[Data for this task — start]

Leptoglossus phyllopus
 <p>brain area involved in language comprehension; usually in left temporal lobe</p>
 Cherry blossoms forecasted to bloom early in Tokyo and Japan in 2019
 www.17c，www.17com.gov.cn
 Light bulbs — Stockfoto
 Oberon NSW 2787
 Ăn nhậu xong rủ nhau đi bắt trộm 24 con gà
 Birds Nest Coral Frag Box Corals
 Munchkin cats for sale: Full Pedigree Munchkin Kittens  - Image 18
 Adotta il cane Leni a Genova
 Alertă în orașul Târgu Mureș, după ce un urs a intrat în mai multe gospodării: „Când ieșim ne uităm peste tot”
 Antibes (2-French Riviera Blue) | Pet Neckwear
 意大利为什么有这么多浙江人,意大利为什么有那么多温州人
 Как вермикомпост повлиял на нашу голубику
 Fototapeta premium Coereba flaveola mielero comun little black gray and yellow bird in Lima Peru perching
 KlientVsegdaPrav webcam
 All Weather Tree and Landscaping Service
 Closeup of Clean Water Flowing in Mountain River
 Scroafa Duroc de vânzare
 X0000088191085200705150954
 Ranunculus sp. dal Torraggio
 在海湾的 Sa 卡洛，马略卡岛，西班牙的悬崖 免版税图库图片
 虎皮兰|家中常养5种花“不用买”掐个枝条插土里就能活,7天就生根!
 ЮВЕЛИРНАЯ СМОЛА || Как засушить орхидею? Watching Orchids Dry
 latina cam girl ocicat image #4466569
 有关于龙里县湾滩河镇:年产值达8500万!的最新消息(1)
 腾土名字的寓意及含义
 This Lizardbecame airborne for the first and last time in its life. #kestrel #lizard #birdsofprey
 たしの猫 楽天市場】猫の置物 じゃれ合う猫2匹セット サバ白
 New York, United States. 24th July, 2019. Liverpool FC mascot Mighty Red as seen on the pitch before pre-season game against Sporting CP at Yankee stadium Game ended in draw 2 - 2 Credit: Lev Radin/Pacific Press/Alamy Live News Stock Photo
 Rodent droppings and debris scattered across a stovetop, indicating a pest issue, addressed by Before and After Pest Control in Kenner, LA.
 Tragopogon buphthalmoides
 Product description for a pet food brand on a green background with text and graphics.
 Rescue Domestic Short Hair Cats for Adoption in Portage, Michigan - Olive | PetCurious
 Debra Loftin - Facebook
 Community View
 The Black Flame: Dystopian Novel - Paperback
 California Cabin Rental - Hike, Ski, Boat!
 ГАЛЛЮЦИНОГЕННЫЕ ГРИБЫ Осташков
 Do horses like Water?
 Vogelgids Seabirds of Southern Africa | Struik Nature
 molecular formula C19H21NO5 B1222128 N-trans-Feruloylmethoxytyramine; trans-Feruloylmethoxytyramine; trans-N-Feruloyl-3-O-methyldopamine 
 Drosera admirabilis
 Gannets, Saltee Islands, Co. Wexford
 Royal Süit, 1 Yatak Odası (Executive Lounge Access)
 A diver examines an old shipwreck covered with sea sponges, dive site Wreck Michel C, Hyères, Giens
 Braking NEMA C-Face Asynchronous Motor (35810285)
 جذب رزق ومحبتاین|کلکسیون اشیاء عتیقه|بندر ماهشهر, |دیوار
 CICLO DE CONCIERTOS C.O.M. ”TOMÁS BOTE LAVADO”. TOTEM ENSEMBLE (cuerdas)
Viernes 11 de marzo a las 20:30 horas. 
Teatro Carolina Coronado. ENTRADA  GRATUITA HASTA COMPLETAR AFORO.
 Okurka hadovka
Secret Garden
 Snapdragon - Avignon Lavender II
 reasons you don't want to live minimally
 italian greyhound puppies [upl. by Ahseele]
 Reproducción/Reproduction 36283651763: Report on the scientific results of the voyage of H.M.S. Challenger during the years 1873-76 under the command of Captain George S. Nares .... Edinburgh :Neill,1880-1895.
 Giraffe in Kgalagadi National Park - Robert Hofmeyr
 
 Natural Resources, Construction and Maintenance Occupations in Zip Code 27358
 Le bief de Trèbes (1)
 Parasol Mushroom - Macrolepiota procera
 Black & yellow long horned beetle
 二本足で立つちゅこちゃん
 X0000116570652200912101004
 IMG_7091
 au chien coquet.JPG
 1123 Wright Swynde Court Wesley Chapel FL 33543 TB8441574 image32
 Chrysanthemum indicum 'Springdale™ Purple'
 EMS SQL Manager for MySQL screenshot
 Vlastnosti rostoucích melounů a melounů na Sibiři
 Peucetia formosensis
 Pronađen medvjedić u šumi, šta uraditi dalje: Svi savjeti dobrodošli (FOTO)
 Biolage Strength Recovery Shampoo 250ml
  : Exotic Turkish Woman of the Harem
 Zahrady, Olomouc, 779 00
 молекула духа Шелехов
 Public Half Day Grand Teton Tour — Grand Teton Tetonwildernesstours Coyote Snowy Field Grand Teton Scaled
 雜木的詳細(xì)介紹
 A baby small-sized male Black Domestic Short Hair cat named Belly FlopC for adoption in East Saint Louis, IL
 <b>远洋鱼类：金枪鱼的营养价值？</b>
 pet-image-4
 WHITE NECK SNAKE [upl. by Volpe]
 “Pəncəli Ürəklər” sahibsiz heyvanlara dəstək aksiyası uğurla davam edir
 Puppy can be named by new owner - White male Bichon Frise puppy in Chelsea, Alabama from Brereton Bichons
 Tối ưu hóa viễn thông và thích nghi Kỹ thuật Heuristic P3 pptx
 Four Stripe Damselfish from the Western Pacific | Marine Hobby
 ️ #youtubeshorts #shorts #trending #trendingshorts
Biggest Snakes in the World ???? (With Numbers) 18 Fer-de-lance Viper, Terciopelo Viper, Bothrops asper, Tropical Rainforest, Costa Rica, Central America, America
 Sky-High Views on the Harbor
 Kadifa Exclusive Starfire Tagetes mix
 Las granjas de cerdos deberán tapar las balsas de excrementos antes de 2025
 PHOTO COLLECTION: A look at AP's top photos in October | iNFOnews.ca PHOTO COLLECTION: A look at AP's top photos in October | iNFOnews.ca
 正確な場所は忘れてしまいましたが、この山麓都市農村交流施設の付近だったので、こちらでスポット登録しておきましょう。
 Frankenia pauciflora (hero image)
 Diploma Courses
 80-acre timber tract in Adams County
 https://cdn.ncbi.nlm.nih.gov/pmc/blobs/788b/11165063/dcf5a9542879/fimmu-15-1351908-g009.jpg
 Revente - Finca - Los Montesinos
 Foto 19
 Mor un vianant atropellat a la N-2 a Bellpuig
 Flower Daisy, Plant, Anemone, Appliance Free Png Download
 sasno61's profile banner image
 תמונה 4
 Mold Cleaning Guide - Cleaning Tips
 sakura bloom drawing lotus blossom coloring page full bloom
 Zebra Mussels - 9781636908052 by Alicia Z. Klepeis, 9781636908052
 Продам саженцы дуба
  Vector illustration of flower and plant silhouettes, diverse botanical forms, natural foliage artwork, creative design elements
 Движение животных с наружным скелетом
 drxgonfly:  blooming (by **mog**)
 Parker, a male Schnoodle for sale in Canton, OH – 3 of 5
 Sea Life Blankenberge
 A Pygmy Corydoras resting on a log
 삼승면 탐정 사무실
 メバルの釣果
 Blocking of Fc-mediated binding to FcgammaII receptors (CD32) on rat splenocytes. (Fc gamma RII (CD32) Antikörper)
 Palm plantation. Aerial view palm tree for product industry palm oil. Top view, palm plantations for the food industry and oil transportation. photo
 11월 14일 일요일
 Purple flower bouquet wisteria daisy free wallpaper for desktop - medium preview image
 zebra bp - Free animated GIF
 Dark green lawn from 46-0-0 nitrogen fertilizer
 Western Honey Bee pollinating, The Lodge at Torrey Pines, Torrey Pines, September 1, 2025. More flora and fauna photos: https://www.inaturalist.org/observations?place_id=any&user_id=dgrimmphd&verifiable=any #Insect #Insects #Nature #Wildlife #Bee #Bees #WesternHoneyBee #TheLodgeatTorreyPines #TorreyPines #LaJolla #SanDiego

[Data for this task — finish]

> [What you have to do]: Nothing should appear in the answer except the lines above from the line with "Antibes (2-French Riviera" through the line with "たしの猫 楽天市場】猫の置物 じゃれ合う猫2匹セット サバ白", both included, written out exactly.

> [Solution for this problem]:
 Antibes (2-French Riviera Blue) | Pet Neckwear
 意大利为什么有这么多浙江人,意大利为什么有那么多温州人
 Как вермикомпост повлиял на нашу голубику
 Fototapeta premium Coereba flaveola mielero comun little black gray and yellow bird in Lima Peru perching
 KlientVsegdaPrav webcam
 All Weather Tree and Landscaping Service
 Closeup of Clean Water Flowing in Mountain River
 Scroafa Duroc de vânzare
 X0000088191085200705150954
 Ranunculus sp. dal Torraggio
 在海湾的 Sa 卡洛，马略卡岛，西班牙的悬崖 免版税图库图片
 虎皮兰|家中常养5种花“不用买”掐个枝条插土里就能活,7天就生根!
 ЮВЕЛИРНАЯ СМОЛА || Как засушить орхидею? Watching Orchids Dry
 latina cam girl ocicat image #4466569
 有关于龙里县湾滩河镇:年产值达8500万!的最新消息(1)
 腾土名字的寓意及含义
 This Lizardbecame airborne for the first and last time in its life. #kestrel #lizard #birdsofprey
 たしの猫 楽天市場】猫の置物 じゃれ合う猫2匹セット サバ白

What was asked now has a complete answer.